Damascus no longer affordable for its residents

Price of goods has skyrocketed while salaries have dropped due to devaluation of Syrian pound

Last updated:
2 MIN READ
REUTERS
REUTERS
REUTERS

Damascus: For many living in the Syrian capital, largely untouched by the brutal war surrounding it, the cost of living has become unbearable.

Prices have increased at least three-fold, from subsidised goods to luxury items. While prices have gone through the roof, the value of salaries has decreaseddramatically given extent to which the Syrian pound has fallen against the dollar. All this has made life painfully expensive for Damascus residents.

Many, unable to afford living in the cosmopolitan city any longer, have packed their bags and left.

The inflation, however, has not surpassed the devaluation of the Syrian pound, which went from 50 to an astonishing 400 to the dollar, making it the highest ever in Syrian history.

For example, a bundle of subsidised flat bread (seven loaves) used to sell for 8 SP or 16 cents, and now costs 75 SP. White sugar used to cost 15 SP/kg and now costs 265 SP. A kilogramme of tomatoes, which used to be 10 SP now costs a whopping 400 SP.

Meat, rarely affordable for most Syrians even before the war when it cost around 700 SP/kg, now costs 4,000 SP, making it permanently unaffordable for nearly any Syrian.

The locally-made cigarette Al Hamra, which used to cost 25 SP and was in high demand by blue collar workers and labourers, now costs 200 SP.

Conversely, the monthly salary of a Syrian cabinet minister in Syrian pounds, which used to be the equivalent of $1,500 (Dh5,500) a month is now the equivalent of only $187.

Senior bankers used to make the equivalent of $2,000 a month, which made them upper middle-class citizens. Now they make the SP equivalent of only $500.

Chauffeurs’ salaries have dropped in value from $300 to $150 a month.

Many Syrians have been forced to sell their homes in order to bankroll their migration to Europe, Lebanon, Turkey or the Gulf.

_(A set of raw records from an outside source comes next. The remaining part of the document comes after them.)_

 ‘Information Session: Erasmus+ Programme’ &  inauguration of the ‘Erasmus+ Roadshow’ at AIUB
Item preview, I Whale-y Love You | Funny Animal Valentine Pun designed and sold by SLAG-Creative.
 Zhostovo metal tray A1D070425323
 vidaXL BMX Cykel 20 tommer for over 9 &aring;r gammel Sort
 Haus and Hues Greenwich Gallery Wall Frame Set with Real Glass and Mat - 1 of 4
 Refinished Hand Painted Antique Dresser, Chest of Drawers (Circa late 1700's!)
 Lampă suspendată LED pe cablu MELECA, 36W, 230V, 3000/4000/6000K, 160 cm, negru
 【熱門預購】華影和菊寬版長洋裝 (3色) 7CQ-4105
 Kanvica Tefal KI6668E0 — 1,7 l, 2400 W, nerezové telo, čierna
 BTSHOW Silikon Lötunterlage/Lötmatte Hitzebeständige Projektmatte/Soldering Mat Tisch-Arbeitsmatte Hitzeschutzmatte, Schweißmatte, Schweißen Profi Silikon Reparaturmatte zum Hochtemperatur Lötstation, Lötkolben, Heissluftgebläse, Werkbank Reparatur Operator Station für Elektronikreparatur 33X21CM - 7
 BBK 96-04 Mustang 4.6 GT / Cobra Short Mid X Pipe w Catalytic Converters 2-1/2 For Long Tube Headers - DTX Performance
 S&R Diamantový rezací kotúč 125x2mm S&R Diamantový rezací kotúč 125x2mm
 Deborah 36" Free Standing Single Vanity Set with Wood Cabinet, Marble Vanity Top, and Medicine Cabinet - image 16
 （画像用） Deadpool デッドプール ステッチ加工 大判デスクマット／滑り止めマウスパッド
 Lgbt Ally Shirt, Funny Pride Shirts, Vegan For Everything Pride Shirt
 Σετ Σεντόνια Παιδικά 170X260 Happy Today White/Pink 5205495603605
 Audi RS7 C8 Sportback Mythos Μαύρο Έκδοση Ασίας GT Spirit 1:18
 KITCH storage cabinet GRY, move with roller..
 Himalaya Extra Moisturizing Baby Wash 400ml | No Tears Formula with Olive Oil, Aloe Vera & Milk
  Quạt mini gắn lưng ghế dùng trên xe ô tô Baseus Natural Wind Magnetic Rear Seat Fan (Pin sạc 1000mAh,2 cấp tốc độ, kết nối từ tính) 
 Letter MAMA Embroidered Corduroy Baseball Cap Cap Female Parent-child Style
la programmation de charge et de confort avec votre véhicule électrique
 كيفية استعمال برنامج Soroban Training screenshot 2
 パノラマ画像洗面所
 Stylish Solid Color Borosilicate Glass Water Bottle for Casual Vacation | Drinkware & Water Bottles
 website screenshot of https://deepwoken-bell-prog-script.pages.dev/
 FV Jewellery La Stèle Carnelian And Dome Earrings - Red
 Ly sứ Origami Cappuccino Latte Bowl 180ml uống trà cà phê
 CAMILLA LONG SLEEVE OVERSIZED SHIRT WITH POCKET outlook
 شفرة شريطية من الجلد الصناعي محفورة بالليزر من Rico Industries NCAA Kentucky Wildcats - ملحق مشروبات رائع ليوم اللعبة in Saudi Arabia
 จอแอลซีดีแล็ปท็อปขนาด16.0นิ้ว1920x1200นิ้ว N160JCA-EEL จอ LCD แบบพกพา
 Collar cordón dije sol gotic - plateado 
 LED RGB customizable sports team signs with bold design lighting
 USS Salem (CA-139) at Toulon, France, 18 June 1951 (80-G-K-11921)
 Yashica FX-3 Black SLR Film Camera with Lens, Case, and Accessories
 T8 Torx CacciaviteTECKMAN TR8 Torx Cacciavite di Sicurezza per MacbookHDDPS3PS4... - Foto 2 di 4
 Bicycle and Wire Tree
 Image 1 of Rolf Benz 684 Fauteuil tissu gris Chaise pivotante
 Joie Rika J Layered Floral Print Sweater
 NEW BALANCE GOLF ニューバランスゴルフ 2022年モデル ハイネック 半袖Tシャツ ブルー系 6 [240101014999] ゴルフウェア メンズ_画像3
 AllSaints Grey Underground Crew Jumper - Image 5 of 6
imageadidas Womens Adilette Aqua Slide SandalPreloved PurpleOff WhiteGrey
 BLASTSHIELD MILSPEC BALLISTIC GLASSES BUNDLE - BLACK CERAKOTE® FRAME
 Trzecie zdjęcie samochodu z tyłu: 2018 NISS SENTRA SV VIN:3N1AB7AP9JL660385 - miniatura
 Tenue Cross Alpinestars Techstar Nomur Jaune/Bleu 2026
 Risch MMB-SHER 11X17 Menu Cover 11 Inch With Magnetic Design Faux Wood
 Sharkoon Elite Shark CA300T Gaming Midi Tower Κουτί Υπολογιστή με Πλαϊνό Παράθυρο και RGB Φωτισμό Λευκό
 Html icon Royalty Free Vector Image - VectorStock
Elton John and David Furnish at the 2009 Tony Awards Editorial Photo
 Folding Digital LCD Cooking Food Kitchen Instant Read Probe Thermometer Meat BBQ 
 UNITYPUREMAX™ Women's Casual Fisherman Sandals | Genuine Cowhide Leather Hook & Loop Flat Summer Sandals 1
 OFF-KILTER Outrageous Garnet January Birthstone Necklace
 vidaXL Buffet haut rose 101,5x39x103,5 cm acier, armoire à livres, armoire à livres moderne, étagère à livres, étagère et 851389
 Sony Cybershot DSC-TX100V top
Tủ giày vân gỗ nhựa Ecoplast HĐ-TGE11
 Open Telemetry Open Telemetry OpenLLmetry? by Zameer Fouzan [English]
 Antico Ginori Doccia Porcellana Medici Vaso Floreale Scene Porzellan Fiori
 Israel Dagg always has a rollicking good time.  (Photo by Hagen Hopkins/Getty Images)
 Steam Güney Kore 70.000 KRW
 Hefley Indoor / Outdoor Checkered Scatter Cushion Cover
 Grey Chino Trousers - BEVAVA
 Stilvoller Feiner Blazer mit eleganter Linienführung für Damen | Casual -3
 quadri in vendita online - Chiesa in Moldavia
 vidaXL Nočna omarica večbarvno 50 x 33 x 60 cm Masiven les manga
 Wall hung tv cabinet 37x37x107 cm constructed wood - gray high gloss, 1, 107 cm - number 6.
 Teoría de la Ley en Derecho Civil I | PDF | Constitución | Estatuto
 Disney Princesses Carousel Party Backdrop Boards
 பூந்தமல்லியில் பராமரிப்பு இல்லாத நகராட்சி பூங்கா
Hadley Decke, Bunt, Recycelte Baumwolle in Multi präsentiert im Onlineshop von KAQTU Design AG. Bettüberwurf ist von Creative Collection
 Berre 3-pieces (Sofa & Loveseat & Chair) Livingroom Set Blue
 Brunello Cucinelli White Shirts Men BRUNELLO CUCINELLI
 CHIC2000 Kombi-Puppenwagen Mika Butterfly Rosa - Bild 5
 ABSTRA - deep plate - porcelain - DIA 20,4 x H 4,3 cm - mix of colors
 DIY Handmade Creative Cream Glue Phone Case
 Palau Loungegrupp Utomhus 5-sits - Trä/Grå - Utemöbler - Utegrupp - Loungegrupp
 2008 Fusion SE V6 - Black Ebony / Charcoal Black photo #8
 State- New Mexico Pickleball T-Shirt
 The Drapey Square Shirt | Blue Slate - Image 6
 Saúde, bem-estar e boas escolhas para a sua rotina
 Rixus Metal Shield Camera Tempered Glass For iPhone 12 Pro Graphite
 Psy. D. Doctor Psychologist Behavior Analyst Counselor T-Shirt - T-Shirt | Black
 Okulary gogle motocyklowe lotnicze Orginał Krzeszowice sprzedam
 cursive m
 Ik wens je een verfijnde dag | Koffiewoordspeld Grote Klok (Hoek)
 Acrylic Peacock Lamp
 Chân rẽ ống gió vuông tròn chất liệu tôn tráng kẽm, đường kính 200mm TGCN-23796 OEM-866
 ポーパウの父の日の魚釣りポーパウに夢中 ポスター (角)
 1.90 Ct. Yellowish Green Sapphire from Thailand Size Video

With so many Syrians putting their houses on the market, the real estate market has plummeted.

An average house in the neat residential districts of Damascus, like Al Rawda or Mezzah, can be bought for $75,000 to $100,000, which is peanuts compared to world standards.

A 300,000 metre luxury home in Al Malki, home of the city’s moneyed elite, sells today for $750,000, which is nothing compared to similar real estate in A-class districts of neighbouring Beirut.

Ancient homes once occupied by Ottoman pashas in the Old City, which are run down but extremely spacious, are now being shared by displaced families.

Though the prices have sky-rocketed, they are still extremely cheap for foreigners or Syrians who are paid in foreign currency.

Most foreigners live and work at the five-star Four Seasons Hotel on Shukri Al Quwatli Boulevard. A dinner for two at one of its restaurant costs $75 but if they go to the Old City, they can find good quality food, including alcohol, for half of the price.